Density at a Point

The average density, \(\rho_{\text{avg}}\), of an element with mass \(\Delta m\) and volume \(\Delta V\) is given by: \[ \rho_{\text{avg}}=\frac{\Delta m}{\Delta V} \] If we shrink this element around a point such that its volume approaches zero (\(\Delta V\to 0\)), the average density converges to a limiting value. This limit is called as the density at a point, \(\rho\). Thus, the mass density at any interior point is given by: \[ \rho=\frac{dm}{dV}. \]

Classification of Forces: External and Internal Forces

There are two types of forces:

• external forces which act on a body from the outside
• internal forces which act between two parts of the body.

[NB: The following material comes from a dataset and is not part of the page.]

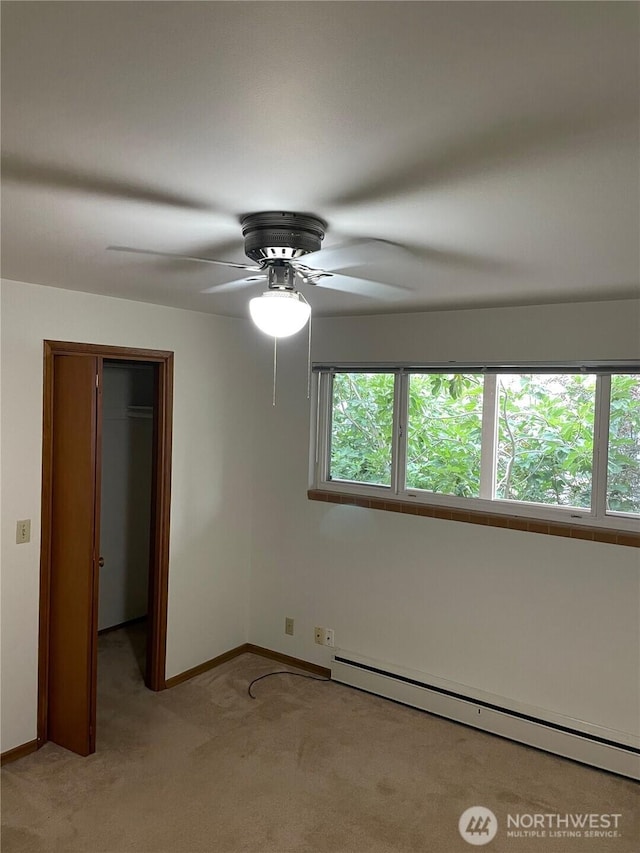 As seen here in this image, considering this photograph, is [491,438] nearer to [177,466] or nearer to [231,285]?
[231,285]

This distinction, however, depends on your point of view. A powerful technique involves conceptually “cutting” a section out of an object. When you isolate this piece, known as a free body, the internal forces that were acting at the “cut” now become external forces that you can analyze.

Body and Surface Forces

External forces are

• body forces. They act on all elements of volume of a body. Examples include gravity, magnetic forces, and inertia forces (they are fictitious forces). The body forces are “action at a distance” forces. If \(\mathbf{b}\) is the body force per unit mass, then the force that every element of unit volume experiences is \(\rho \mathbf{b}\). For example, if the z-axis is perpendicular to Earth, then \(\mathbf{b}=g\,\hat{\mathbf{k}}\), where \(g\) is the gravitational acceleration. Two other common body forces are centrifugal forces due to high-speed rotation and forces due to temperature differential over the body (thermal stress).
• surface forces. They are contact forces acting on a body at its bounding surface.